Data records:
# # # # # # #

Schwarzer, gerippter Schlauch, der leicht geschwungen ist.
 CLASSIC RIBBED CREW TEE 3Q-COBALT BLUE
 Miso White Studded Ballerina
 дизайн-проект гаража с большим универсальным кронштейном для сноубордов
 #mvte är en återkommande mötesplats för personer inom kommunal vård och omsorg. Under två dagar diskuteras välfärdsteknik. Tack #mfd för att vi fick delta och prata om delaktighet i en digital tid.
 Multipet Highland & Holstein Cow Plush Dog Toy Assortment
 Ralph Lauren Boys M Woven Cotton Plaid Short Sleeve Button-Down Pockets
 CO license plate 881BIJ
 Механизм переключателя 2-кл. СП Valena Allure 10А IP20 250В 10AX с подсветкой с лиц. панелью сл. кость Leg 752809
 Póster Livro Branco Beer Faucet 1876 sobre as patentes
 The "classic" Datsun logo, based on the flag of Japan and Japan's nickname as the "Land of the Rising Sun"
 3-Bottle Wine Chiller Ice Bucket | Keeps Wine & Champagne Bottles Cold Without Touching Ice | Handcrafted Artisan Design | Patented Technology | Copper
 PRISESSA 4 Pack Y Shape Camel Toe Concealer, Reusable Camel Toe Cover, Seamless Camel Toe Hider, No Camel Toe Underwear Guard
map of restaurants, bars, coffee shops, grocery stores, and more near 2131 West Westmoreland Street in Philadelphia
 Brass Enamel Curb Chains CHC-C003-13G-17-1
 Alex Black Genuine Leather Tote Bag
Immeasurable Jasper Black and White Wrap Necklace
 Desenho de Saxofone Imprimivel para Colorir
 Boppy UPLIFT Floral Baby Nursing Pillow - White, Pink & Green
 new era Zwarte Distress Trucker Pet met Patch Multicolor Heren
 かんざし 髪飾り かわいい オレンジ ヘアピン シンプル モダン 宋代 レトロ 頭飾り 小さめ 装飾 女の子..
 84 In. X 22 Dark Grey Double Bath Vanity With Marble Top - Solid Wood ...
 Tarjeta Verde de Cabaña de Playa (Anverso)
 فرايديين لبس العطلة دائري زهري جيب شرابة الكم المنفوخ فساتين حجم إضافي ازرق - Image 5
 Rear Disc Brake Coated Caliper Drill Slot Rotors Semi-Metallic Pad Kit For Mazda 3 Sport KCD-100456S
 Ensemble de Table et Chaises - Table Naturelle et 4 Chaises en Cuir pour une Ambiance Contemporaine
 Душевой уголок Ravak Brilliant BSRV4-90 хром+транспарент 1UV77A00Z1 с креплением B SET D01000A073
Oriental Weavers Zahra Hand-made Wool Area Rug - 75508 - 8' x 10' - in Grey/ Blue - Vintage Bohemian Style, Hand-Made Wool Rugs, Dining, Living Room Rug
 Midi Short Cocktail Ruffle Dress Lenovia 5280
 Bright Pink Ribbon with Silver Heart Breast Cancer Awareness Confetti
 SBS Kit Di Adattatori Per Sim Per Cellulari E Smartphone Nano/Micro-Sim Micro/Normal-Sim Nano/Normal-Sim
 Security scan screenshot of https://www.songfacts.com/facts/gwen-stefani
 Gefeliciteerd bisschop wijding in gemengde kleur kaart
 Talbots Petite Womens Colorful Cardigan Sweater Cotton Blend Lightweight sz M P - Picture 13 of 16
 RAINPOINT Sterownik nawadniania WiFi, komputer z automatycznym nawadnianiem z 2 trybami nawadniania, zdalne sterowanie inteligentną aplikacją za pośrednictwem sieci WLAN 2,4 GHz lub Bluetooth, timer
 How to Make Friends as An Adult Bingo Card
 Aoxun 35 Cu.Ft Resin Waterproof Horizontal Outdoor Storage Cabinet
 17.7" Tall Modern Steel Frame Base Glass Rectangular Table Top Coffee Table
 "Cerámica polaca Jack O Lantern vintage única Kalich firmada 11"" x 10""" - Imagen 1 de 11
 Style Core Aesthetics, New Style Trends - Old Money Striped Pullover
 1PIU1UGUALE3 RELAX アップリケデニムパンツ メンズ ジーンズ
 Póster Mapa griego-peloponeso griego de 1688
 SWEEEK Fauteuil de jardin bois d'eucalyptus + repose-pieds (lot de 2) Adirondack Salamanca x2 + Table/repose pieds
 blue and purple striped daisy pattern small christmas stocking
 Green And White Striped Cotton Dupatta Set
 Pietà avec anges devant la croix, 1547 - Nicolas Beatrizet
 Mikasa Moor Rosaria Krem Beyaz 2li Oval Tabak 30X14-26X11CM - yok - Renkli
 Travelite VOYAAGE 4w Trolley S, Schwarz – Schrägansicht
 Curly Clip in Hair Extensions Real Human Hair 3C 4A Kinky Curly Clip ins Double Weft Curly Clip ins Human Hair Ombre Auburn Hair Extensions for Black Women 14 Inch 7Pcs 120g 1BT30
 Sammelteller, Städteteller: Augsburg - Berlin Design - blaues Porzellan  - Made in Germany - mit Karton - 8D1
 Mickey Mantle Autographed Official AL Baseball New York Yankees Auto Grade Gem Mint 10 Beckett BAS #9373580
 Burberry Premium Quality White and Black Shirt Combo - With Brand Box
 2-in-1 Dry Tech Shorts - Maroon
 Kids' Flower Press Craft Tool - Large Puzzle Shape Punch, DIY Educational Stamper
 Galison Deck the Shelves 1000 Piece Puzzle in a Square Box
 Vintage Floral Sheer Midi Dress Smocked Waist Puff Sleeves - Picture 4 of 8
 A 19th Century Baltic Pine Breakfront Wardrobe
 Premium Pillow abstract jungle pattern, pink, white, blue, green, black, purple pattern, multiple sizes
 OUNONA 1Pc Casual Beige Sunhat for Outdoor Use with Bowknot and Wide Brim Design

# # # # # # #

WORK TASK: Look through the records and gather each line with the word "Puzzle".

ANSWER:
 Kids' Flower Press Craft Tool - Large Puzzle Shape Punch, DIY Educational Stamper
 Galison Deck the Shelves 1000 Piece Puzzle in a Square Box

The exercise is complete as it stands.